Il devient une star. Pas pour ses statistiques. Mais pour son âme de guerrier.

Palmarès détaillé de Mark Hunt

Kickboxing (K-1)

  • Champion du K-1 World Grand Prix 2001
  • Champion du K-1 Oceania Grand Prix 2000
  • Champion du K-1 Oceania Grand Prix 2001
  • Champion du K-1 World GP 2001 in Fukuoka
  • 3e place au K-1 World Grand Prix 2002
  • Champion WKBF Australien Super Lourd 1999

Mixed Martial Arts

  • UFC : 7 bonus post-combat
  • Pride FC : Victoires contre Wanderlei Silva et Mirko Cro Cop
  • Mondial : Fight of the Year 2013 (vs JDS), Knockout of the Year 2014 (vs Nelson)

Boxe professionnelle

  • 1 victoire (KO), 2 défaites, 1 nul

Questions fréquentes

Quel est le record de victoires par KO de Mark Hunt ?

Mark Hunt a remporté la majorité de ses combats par KO ou TKO. Dans sa carrière professionnelle combinée en kickboxing et MMA, il compte plus de 25 victoires par mise au tapis ou au sol, ce qui en fait l'un des combattants les plus redoutables pour ses finitions explosives.

Comment Mark Hunt a-t-il débuté dans les sports de combat ?

Mark Hunt a commencé sa carrière dans les sports de combat de manière assez inattendue. Après avoir mis K.O. un individu lors d'une bagarre de rue à Auckland, un videur l'a remarqué et lui a suggéré de boxer. Il est entré dans le ring pour la première fois en 1995, motivé par une bouteille de bière plutôt que par des ambitions professionnelles.

Quels étaient les adversaires les plus marquants de Mark Hunt ?

Les duels les plus mémorables de Mark Hunt incluent ses combats contre Jérôme Le Banner (surtout leur rencontre historique à Paris en 2002), Mirko Cro Cop (qu'il a battu en MMA après avoir perdu en K-1), Wanderlei Silva, et Junior dos Santos. Chacun de ces combats a contribué à forger sa légende dans les sports de combat.

Pourquoi Mark Hunt est-il considéré comme une légende malgré ses défaites ?
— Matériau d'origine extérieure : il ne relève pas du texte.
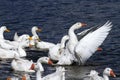 White geese and ducks swim and dive in the pond Royalty Free Stock Photo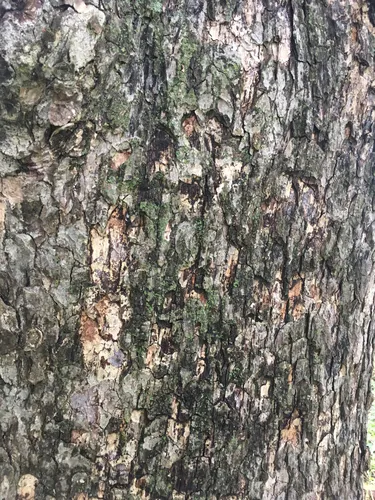 Turkish Hazel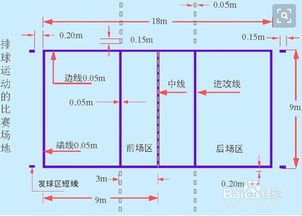 排球基礎(chǔ)知識演講稿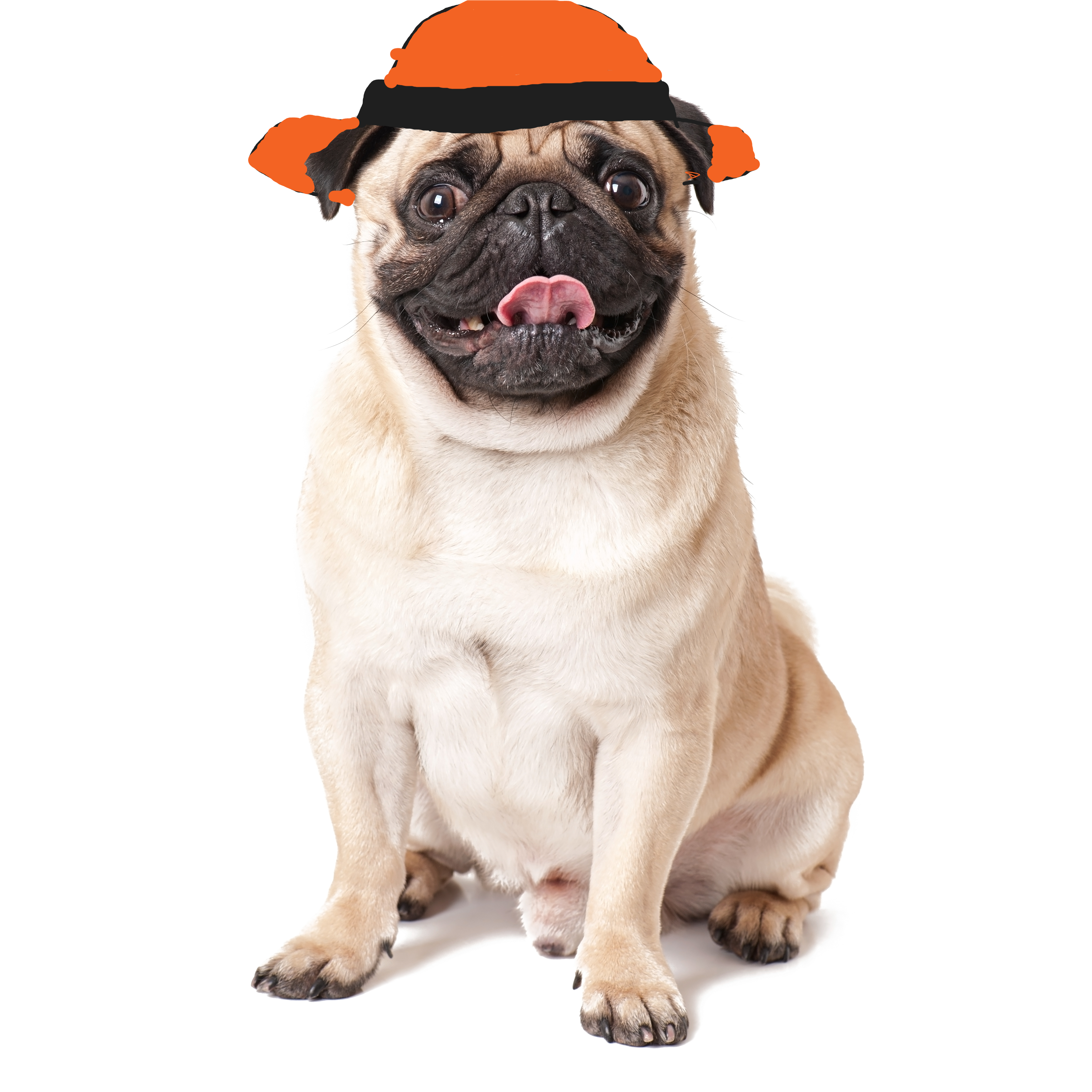 Pug dog with hat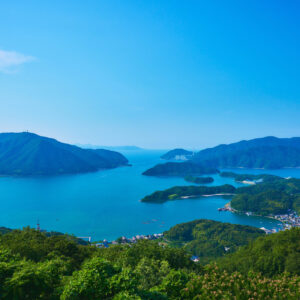 MAIZURU Archive 編集部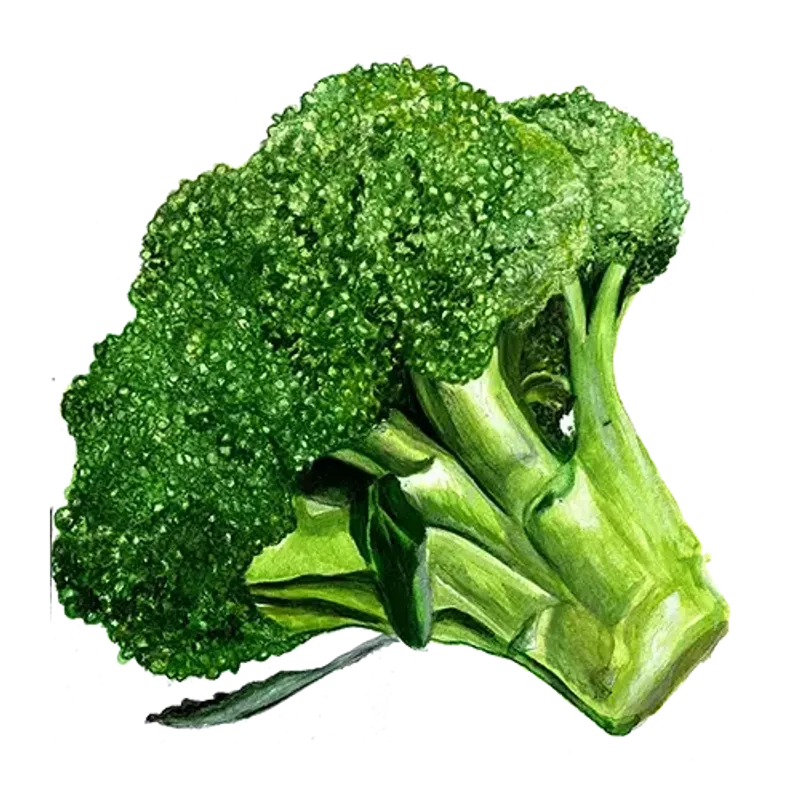 Broccoli Rasmus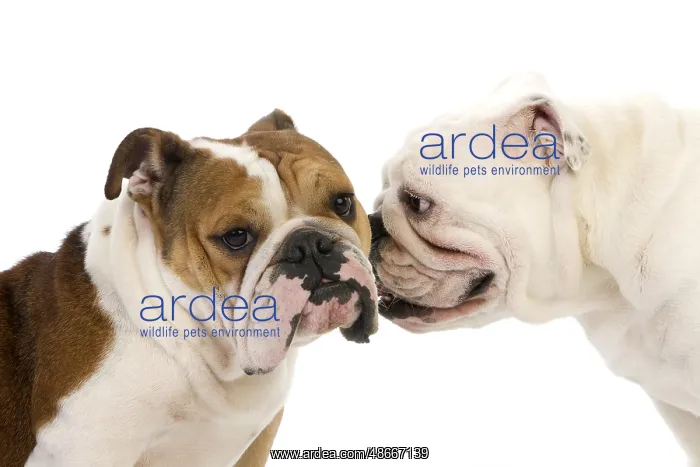 : English Bulldog : English Bulldog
Mark Hunt est considéré comme une légende en raison de son style de combat unique, de sa capacité à tenir la distance face aux meilleurs combattants, et de ses performances explosives. Même lors de défaites, il a souvent offert des combats mémorables qui ont captivé les fans. Son courage, sa puissance et sa détermination ont marqué l'histoire du MMA et du kickboxing.